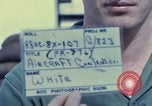 Standbild Flugzeuge controller Vietnam, 1967, aus Sekunde 10 historischem Filmmaterial Videoclip 65675025005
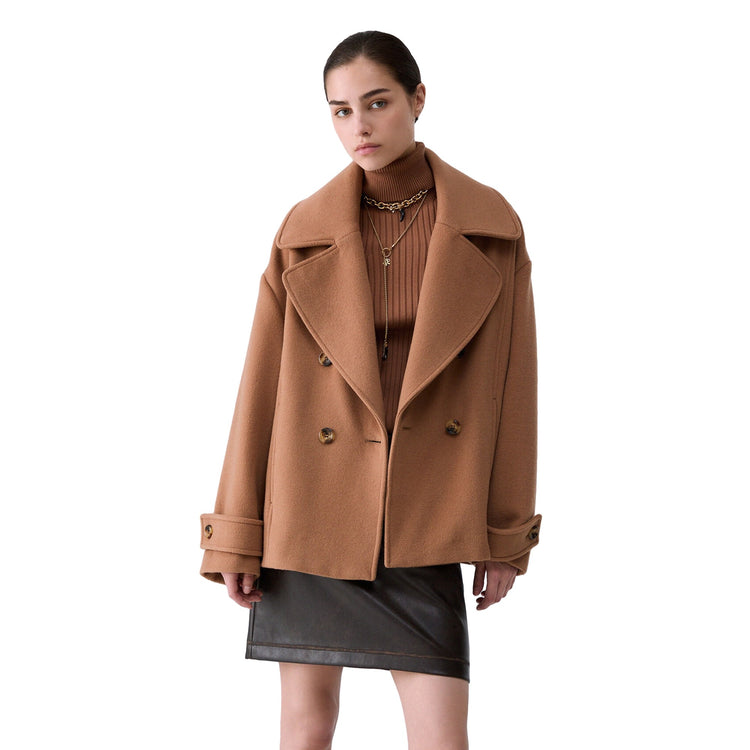 Cappotto corto Donna chiusura doppiopetto modella frontale
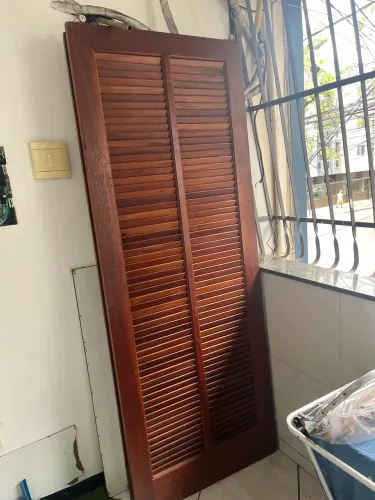 1 Folha de Porta Veneziana de Madeira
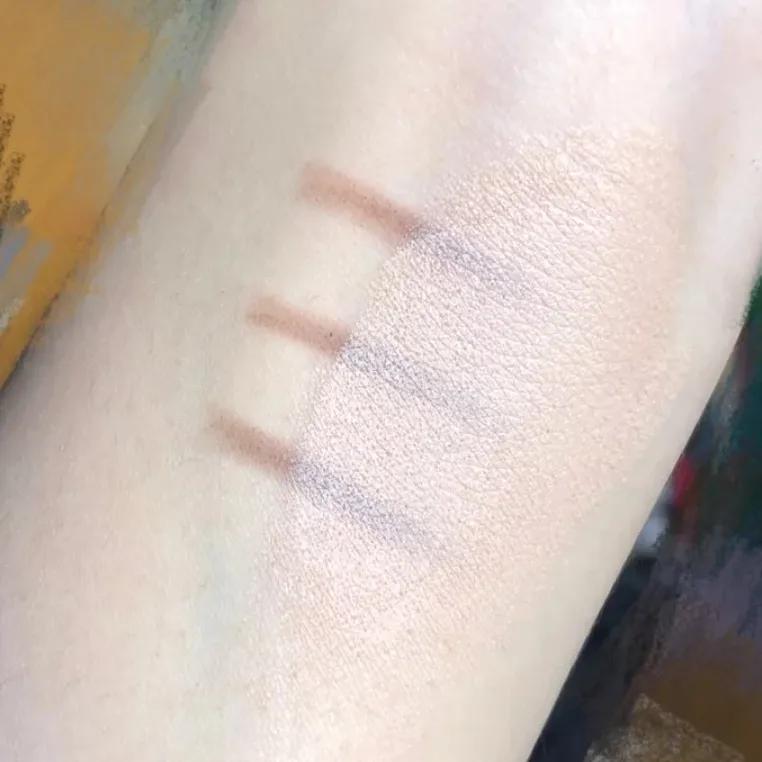 油皮春秋季公认最好的粉底液,油皮敏感肌养肤粉底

——

Would you reproduce each line of the material exactly, omitting the images?

## Exercise result
 Standbild Flugzeuge controller Vietnam, 1967, aus Sekunde 10 historischem Filmmaterial Videoclip 65675025005
 Cappotto corto Donna chiusura doppiopetto modella frontale
 1 Folha de Porta Veneziana de Madeira
 油皮春秋季公认最好的粉底液,油皮敏感肌养肤粉底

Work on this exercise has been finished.